*** Data for review ***

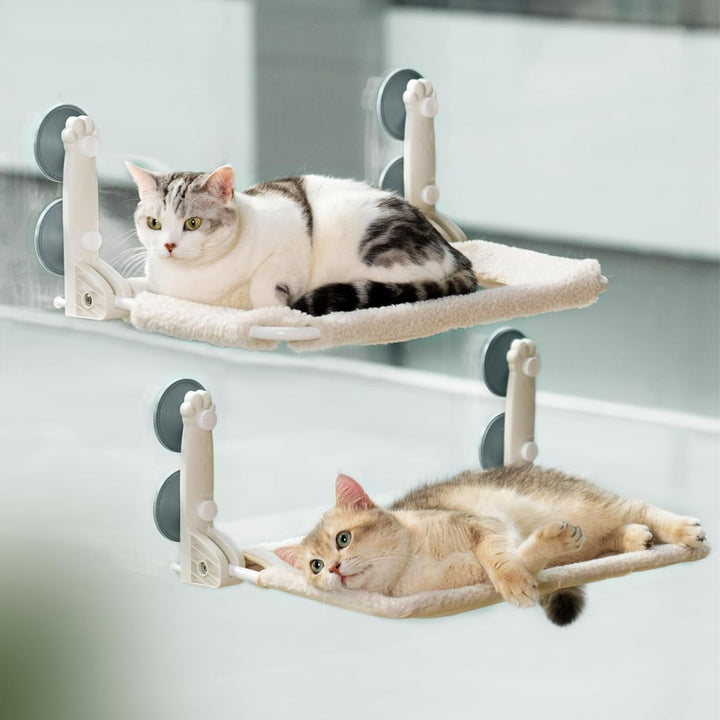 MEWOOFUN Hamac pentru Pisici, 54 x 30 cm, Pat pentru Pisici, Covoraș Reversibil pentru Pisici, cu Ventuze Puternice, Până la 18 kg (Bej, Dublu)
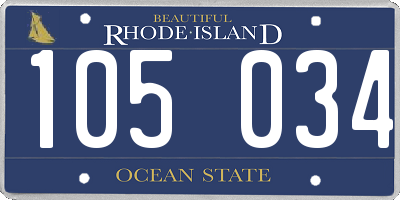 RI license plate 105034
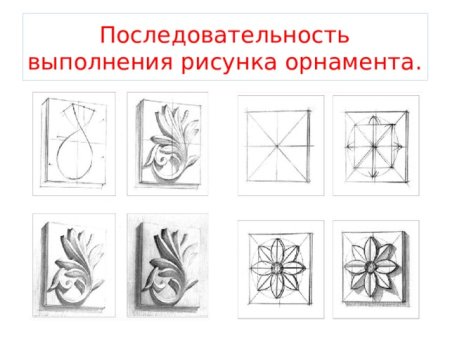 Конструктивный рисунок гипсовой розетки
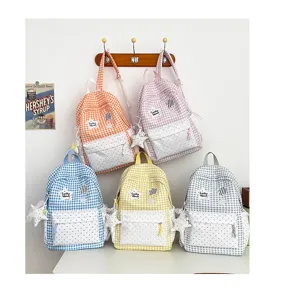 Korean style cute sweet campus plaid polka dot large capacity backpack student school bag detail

*** End of Data for review ***
*** Data for review ***

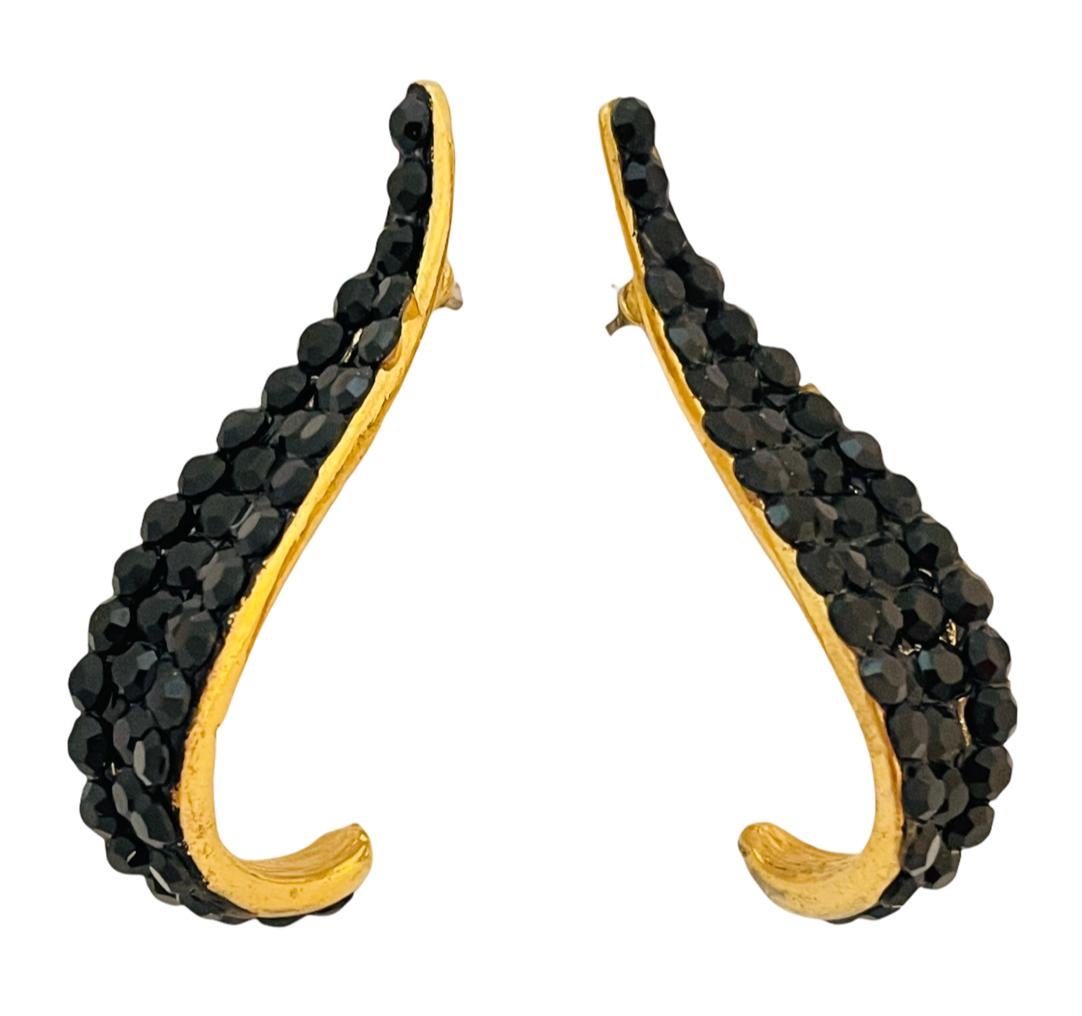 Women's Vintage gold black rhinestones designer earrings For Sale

*** End of Data for review ***

- **Assignment**
Reproduce exactly the lines of the data above that run from the line with "MEWOOFUN Hamac pentru" down to the line with "Korean style cute", both ends included. Pictures do not belong in the copy.

- **Response to this exercise**
 MEWOOFUN Hamac pentru Pisici, 54 x 30 cm, Pat pentru Pisici, Covoraș Reversibil pentru Pisici, cu Ventuze Puternice, Până la 18 kg (Bej, Dublu)
 RI license plate 105034
 Конструктивный рисунок гипсовой розетки
 Korean style cute sweet campus plaid polka dot large capacity backpack student school bag detail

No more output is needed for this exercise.